Tot dat, in 2018, ineens niet meer ging. Dat jaar zorgde een zomerse hittegolf ervoor dat er zoveel water verdampte uit de ondiepste delen van het middendeel van de rivier - tussen Bonn naar Bingen - dat het cruciale meetstation bij Kaub 107 dagen lang een waterdiepte van minder dan 78 cm aangaf. Te ondiep voor de grote schepen. Het kostte, blijkt uit een rapport uit 2021, de Duitse industriële productie bijna €5 miljard aan waarde.

Ook vorig jaar konden grote schepen de Rijn niet of alleen met minder belading bevaren door de lage waterstanden. Bedrijven wrongen zich in bochten om grondstoffen en gas via alternatieve - lees: duurdere - routes aan te schaffen.

De lage waterstand, veroorzaakt door de beperkte regenval in het stroomgebied van de Rijn, weinig sneeuwval in de Alpen en de veel kleinere gletsjers in de Alpen, raakt behalve de scheepvaart ook de handel. Het stroomgebied van de Rijn is ons achterland en bepaalt mede het belang van de haven van Rotterdam en de vele handelsbedrijven die daar zijn gevestigd. De nodige agrarische grondstoffen en energie worden per schip naar het achterland in de EU getransporteerd.

'20 centimeter'
Geen wonder dus dat Duitsland een project van €180 miljoen heeft opgezet om het transportknelpunt op de Rijn aan te pakken en tegelijkertijd de marges van de Europese fabrikanten te beschermen. Berlijn wil de ondiepste delen van de Rijn met 20 cm verdiepen. Het project moet in 2030 klaar zijn. Twintig centimeter mag weinig lijken, maar volgens experts leidt dat beetje extra diepte tot een extra scheepscapaciteit van ongeveer 200 ton.

Het neemt niet weg dat binnenvaartschippers die kleinere schepen overwegen, zoals de Duitse binnenvaartfamilie Mnich, weinig gehoor vinden bij de banken. Toen de broers Mnich zich bij de bank meldden met het plan om 2 kleine schepen te kopen of te laten bouwen, werden ze vierkant uitgelachen.

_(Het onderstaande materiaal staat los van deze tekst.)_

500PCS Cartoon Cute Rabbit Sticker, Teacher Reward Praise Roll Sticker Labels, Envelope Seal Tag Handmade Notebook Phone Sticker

Hoe kleiner een schip, benadrukken analisten, hoe hoger de transportkosten. Bij middelgrote schepen, zoals de MS Salisso van de familie Mnich, die 866 ton kan vervoeren, "gaan de schaalvoordelen verloren", legt Jonathan Roach van analistenbureau Braemer uit.

Laagwatertankers
Sommige fabrieken nemen het heft in eigen handen, zoals de chemische fabriek Covestro. Voor de toekomst van fabrieken in Leverkusen, Dormagen en Krefeld-Uerdingen is bulktransportcapaciteit essentieel, zegt Uwe Arndt, hoofd geïntegreerde logistiek bij Covestro. Een derde van de producten van deze fabrieken wordt vervoerd langs de Rijn. Covestro sloeg de handen ineen met HGK Shipping en bouwde speciale 'laagwatertankers' die ook bij lage waterstanden kunnen varen. Bijkomend voordeel: deze schepen kunnen gedeeltelijk op elektriciteit varen en dat vermindert de uitstoot met 30%. En ook als de sector vroeg of laat overstapt op waterstof, zijn de schepen eenvoudig om te bouwen.